Bing, Microsoft's search engine, has announced a new partnership with the Encyclopaedia Britannia, to improve information returned with its results.
The move follows hot on the heels of the new Knowledge Graph introduced by Google, which pulls out relevant stats, facts, stories and information about various search terms (for instance, searching a popular actor's name would bring up details from their Wikipedia and IMDB entries).
Encyclopaedia Britannica announced in March that it had pulped plans for any future printed editions - instead choosing to embrace technology and only produce digital versions in future.
Bing has leapt to bring Britannica on board to boost its own search results - in the face of ongoing improvements over in Google's camp.
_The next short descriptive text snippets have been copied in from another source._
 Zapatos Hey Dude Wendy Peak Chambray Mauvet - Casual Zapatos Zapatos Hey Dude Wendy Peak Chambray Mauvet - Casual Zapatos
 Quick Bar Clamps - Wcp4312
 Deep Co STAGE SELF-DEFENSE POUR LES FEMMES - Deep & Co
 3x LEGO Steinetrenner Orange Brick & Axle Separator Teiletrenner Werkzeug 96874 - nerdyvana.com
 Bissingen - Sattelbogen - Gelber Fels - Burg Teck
For the Internet marketing industry, the recent changes to bring up pertinent facts and info related to search queries could provide a boost: by providing factual content and informative advice related to search areas, marketers could see a 'double hit' on the search results pages - their own organic site listings, and details pulled into the new info boxes on both Bing and Google.
Early tests found that although Bing had announced the changes were now live, some searches weren't revealing extra information from the Encyclopaedia just yet.
In contrast, Google's Knowledge Graph, which launched earlier, is now bringing up salient information boxes for a huge range of searches.
Bing expects to add Britannica results to more search returns in future. It said it would also pull in information from sites such as Wikipedia, Qwiki and Freebase.
Both Bing and Google seem to be matching each others' search engine updates in recent weeks.
When Google Search Plus Your World aimed to take search social, Bing introduced changes to display Twitter and Facebook results alongside search returns. Google's Knowledge Graph is now being matched by the Britannica partnership at Bing.
The battle between the two search engine giants is escalating - how the two factions continue to push improvements through competition remains to be seen. But there could be huge ramifications for search engine optimisation, and pay per click services, if the top page of organic search results slowly changes to only display facts and stats from one or two trusted, encyclopaedic sources.